Problem statement ->
The line with "On number two, I" marks the first line to copy, and the line with "Just to show" marks the last. Transcribe that stretch of the data below exactly, without pictures.

Provided data ->
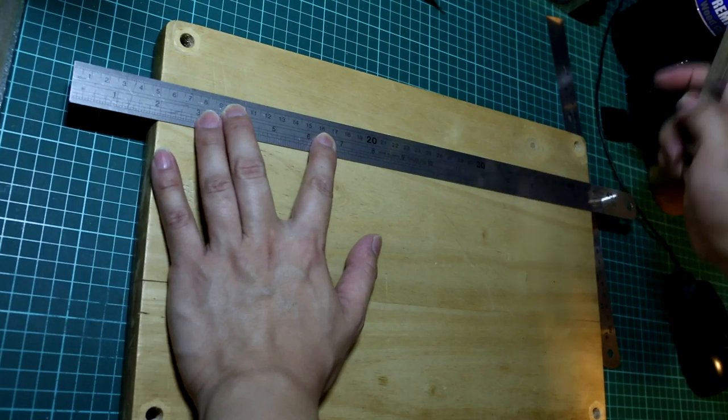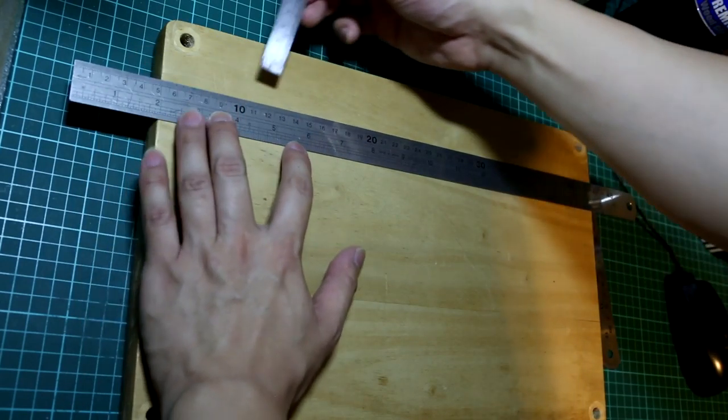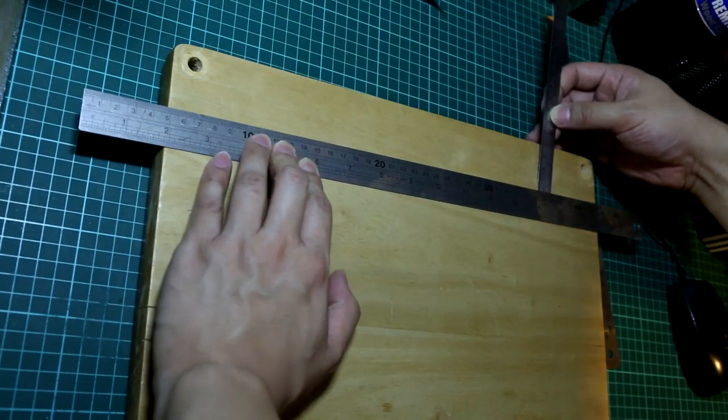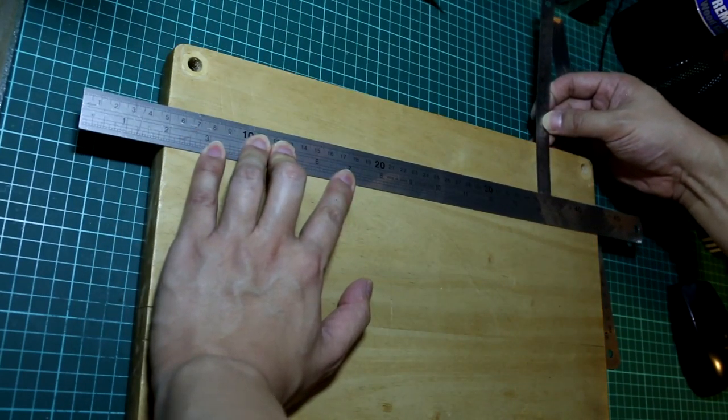What's up guys, in this video I am going to turn this chopping board into a mallet.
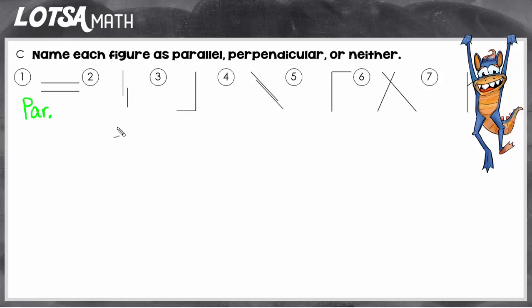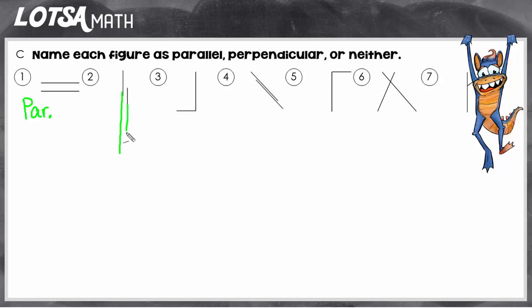On number two, I see two lines. They haven't met up yet, and it doesn't look like if they kept going on forever, they would ever meet up. In fact, if you just imagine the lines being longer, you would see that they would just continue to run alongside each other. So number two are also parallel.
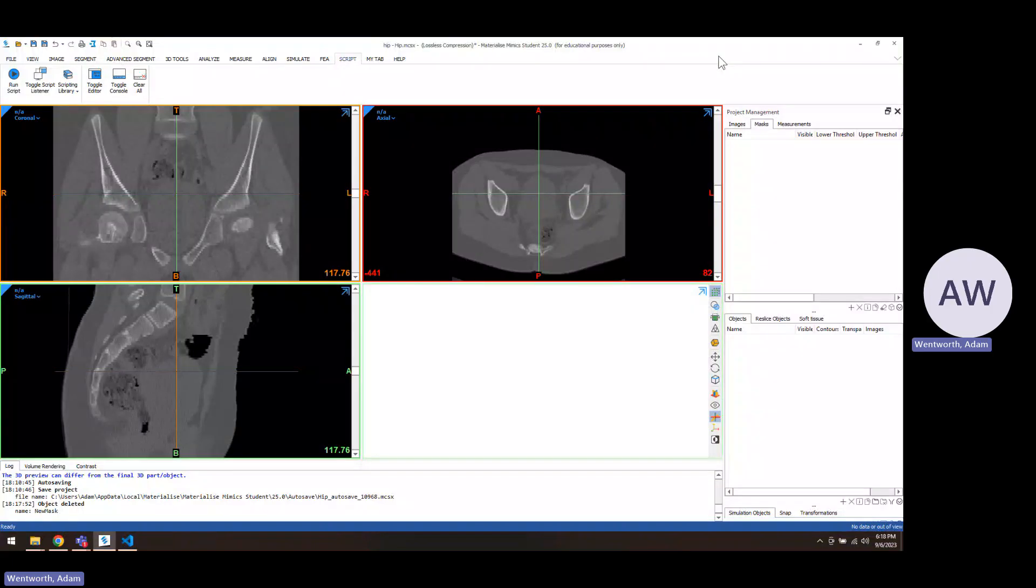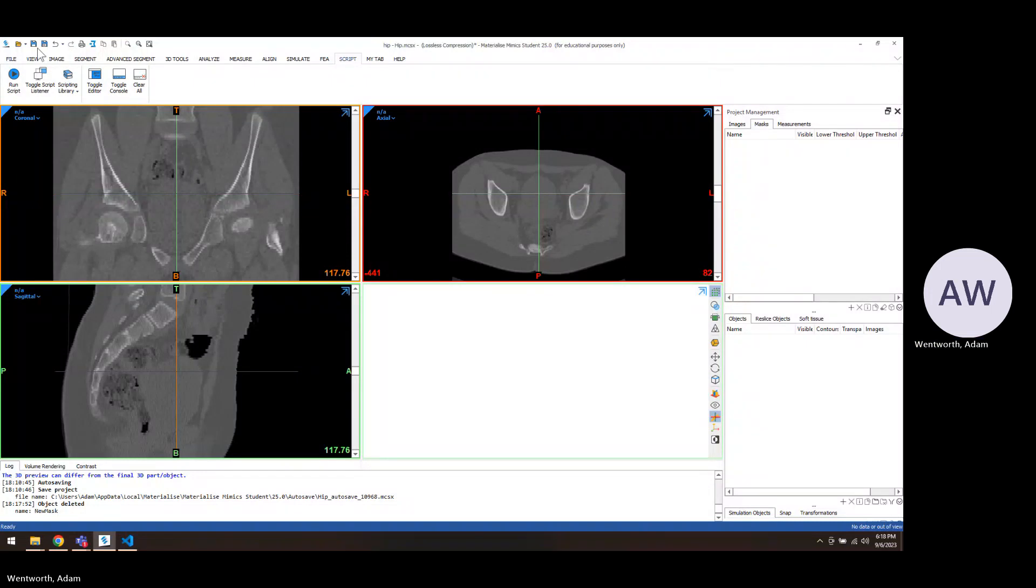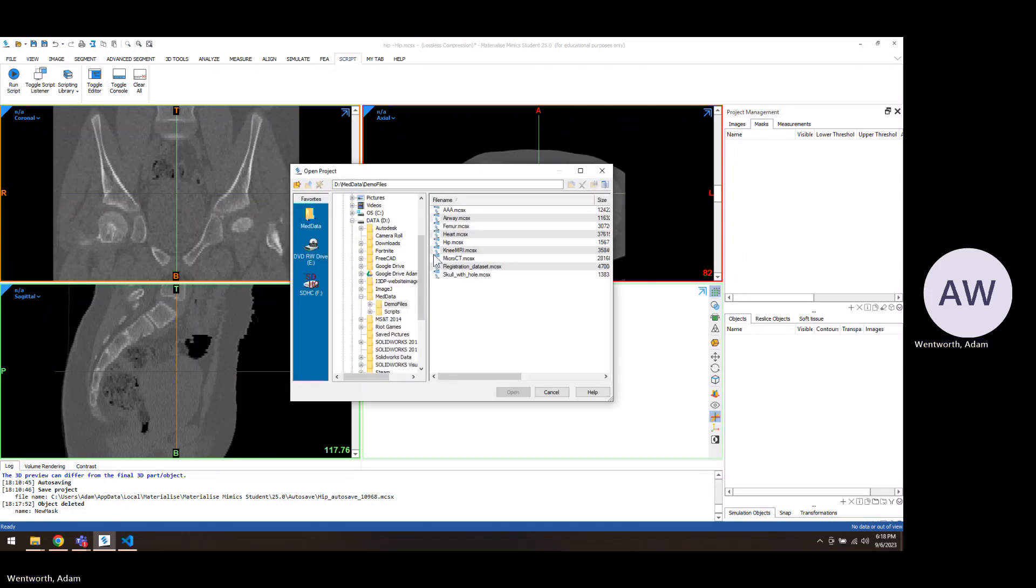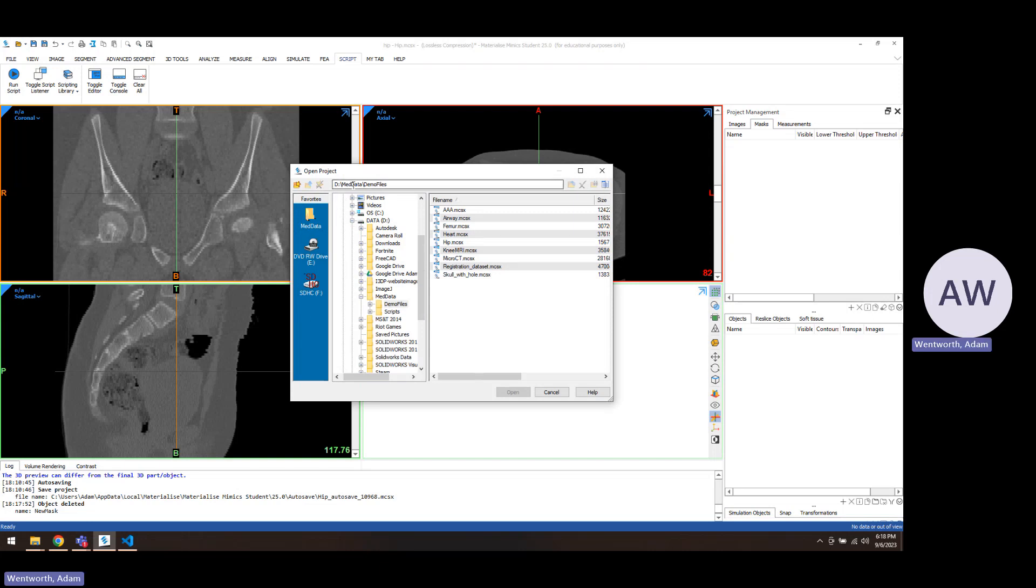Just to show you the basic steps of segmentation. We're going to start with the hip demo file, so you can get to that by opening it. It's going to be in your default drive where you installed it, something called meddata, and then demo files. These are the demo files that they routinely have, so we just picked hip out of the middle one.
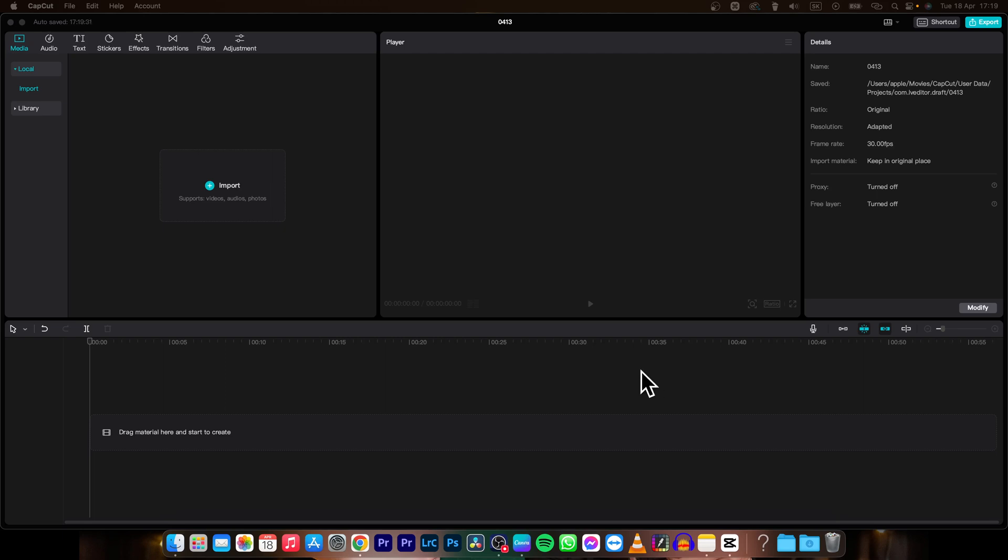Hey guys, my name is Elijah and in today's tutorial I will show you how you can rotate video in CapCut. It's very simple and straightforward, just follow my steps.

Completed task ->
On number two, I see two lines. They haven't met up yet, and it doesn't look like if they kept going on forever, they would ever meet up. In fact, if you just imagine the lines being longer, you would see that they would just continue to run alongside each other. So number two are also parallel.
Just to show you the basic steps of segmentation. We're going to start with the hip demo file, so you can get to that by opening it. It's going to be in your default drive where you installed it, something called meddata, and then demo files. These are the demo files that they routinely have, so we just picked hip out of the middle one.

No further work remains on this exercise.